Dark energy correspond to magnetic energy at magnetic flux quanta (tubes and sheets: space-time sheets of particular kind) carrying dark matter as large heff phases. Cosmological constant provides effective description at GRT limit of TGD, which I briefly summarised above.

At more microscopic limit the negative "pressure" associated with magnetic flux tubes allows to understand the accelerated expansion. There is an accelerating expansion also during the TGD counterpart of inflationary phase identifiable as a transition period from a phase in which one has gas of string like objects (2-D M4 projection) to a phase in which one has space-time sheets (4-D M4 projection).

Periods of accelerating expansion would quite generally correspond to periods of criticality and imbeddable-to-H critical cosmologies are unique apart from duration.

7. How do you cover the anyon as proposed for hidden variables by people such as Bryan Sanctuary from Mc Gill University (Youtube videos kIysfrByZHE, vXRq1QTrtSg, ABnIvcvn2bc, PcwQWa-rV9Y)

I have proposed a model of anyons and FHE based on dark variants of electrons having thus non-standard Planck constant heff=n×h explaining fractional charges.

8. In 'A Hidden Dimension, Clifford Algebra, and Centauro Events - 0703.0053v1.pdf' by Carl Brannen the particle 'Binon' is described. Is this the same as the quanta that you refer to?

No. TGD predicts a hierarchy of scaled up versions of standard model physics both weak and QCD type physics. Also leptonic variants of QCD type physics for which there exists evidence from anomalies discovered in heavy ion collisions already at seventies. These copies are labelled by Mersenne primes Mn= 2n-1. Ordinary hadron physics corresponds to M107 and at LHC energies a copy labelled by M89 should be discovered and this year is particularly exciting at LHC. There is already now evidence for M89 hadron physics, for instance the anomalous behaviour of what was thought to be QCD plasma (already at RHIC and later at LHC). The mass scale of hadrons of this physics is roughly 512 that of ordinary hadrons. In Centauro events hadrons of M89 hadron physics would be created and decay to ordinary hadrons.

9. What is your attitude to Bohm Pilot Wave theory?
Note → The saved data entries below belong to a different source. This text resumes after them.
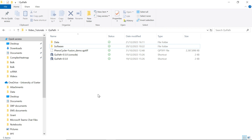Hello everyone. Welcome to my video tutorial for spatial dataset analysis. Today I'm going to show you how to use the QPath software and perform cell segregation analysis for spatial dataset.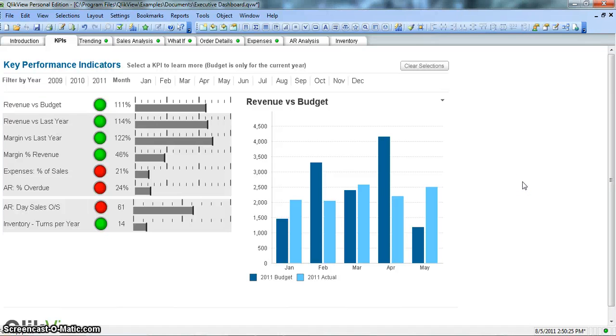Hi, welcome to my YouTube channel ClickView Enthusiast. I am Abhishek, a ClickView Learner, and today I will share my learning about creating static reports in ClickView.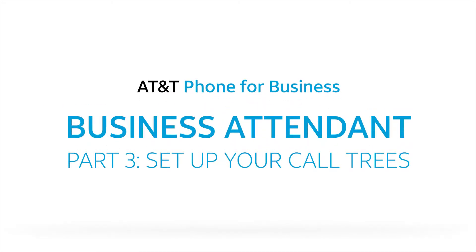You've planned your business attendant and recorded your messages. Now you're ready to set up call trees and test your business attendant. Watch and we'll show you how.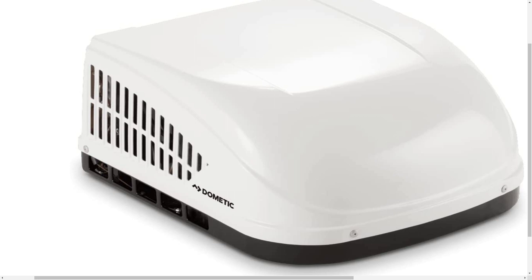In case you guys are wondering, I think this unit, the 13,500 unit weighs 77 pounds. So it's not real heavy, but it can be difficult to get it up on the roof of your RV.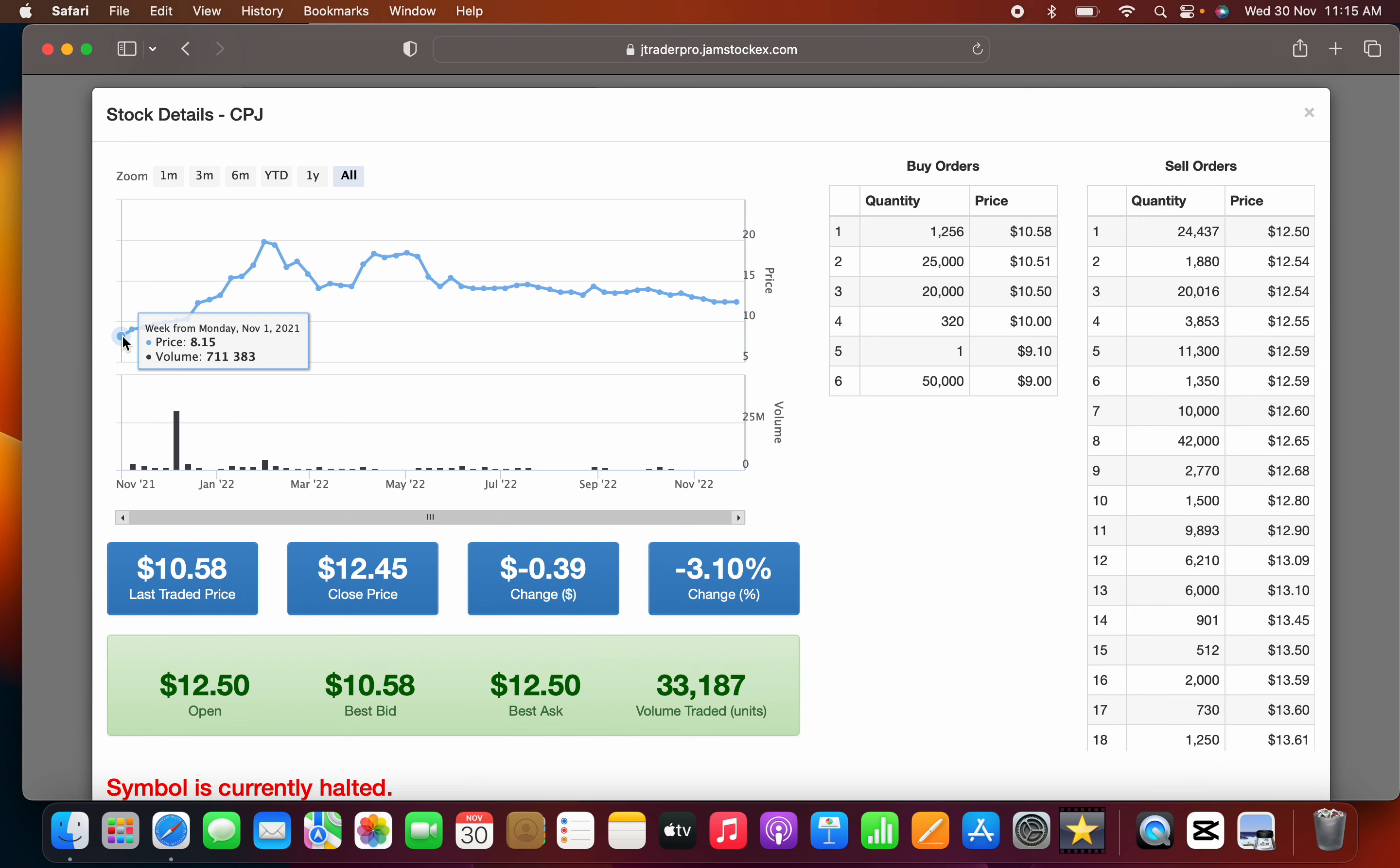CPJ had an inventory problem. A lot of CPJ inventory had to be written off back when CPJ was selling at $2-$3. The inventory had to be written off because of spoilage and other issues.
Pilot wave theory was an attempt to save determinism of classical physics. This was very natural at the time when Pilot Wave theory was proposed. This is however also ironic since Bohm took consciousness seriously and one might have expected that he accepts free will.

The idea was to reproduce by pilot wave approach the basic (and classically extremely strange looking) facts of quantum measurement theory. The attempt failed. The approach has also fatal mathematical problems: the non-linear structure involved in separation of modules and phase of Schroedinger amplitude produces horrible singularities in quantum field theory and fermionic statistics is an insurmountable problem.